__Extracted records__
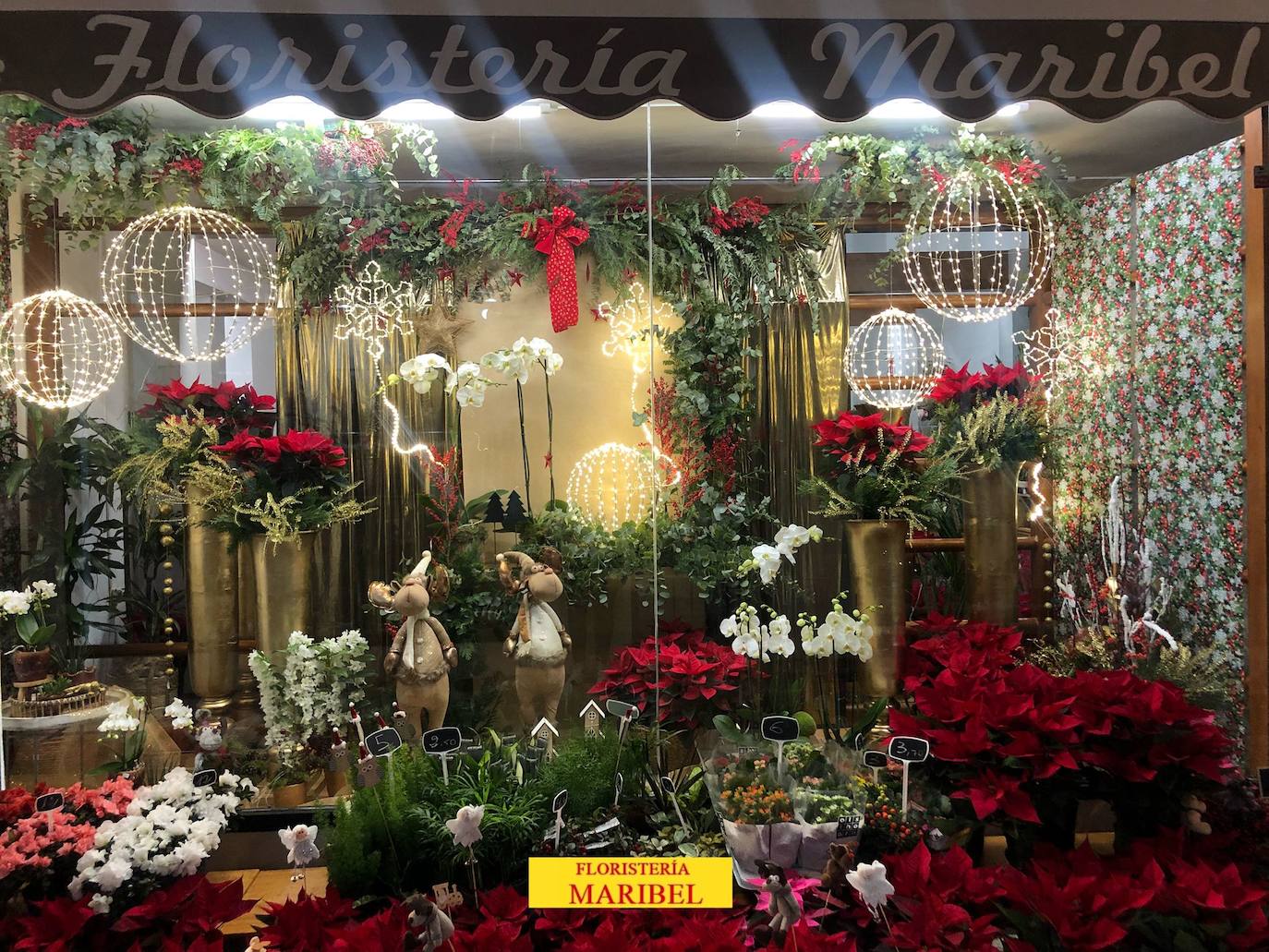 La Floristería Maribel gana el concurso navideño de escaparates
--
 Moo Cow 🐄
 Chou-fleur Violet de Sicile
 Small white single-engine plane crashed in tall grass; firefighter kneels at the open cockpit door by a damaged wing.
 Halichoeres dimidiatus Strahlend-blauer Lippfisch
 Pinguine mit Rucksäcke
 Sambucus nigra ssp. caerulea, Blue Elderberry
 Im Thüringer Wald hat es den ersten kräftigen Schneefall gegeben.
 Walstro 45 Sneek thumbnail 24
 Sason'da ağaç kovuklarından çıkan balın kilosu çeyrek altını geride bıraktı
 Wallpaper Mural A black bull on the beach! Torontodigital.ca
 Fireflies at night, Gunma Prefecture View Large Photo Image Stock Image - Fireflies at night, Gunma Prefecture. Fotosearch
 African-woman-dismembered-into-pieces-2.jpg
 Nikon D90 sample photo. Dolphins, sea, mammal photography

__Exercise aim__
Produce a word-for-word copy of everything above from the line holding "Fireflies at night, Gunma Prefecture View" down to the line holding "Nikon D90 sample", with both of those lines kept.

__Exercise output__
 Fireflies at night, Gunma Prefecture View Large Photo Image Stock Image - Fireflies at night, Gunma Prefecture. Fotosearch
 African-woman-dismembered-into-pieces-2.jpg
 Nikon D90 sample photo. Dolphins, sea, mammal photography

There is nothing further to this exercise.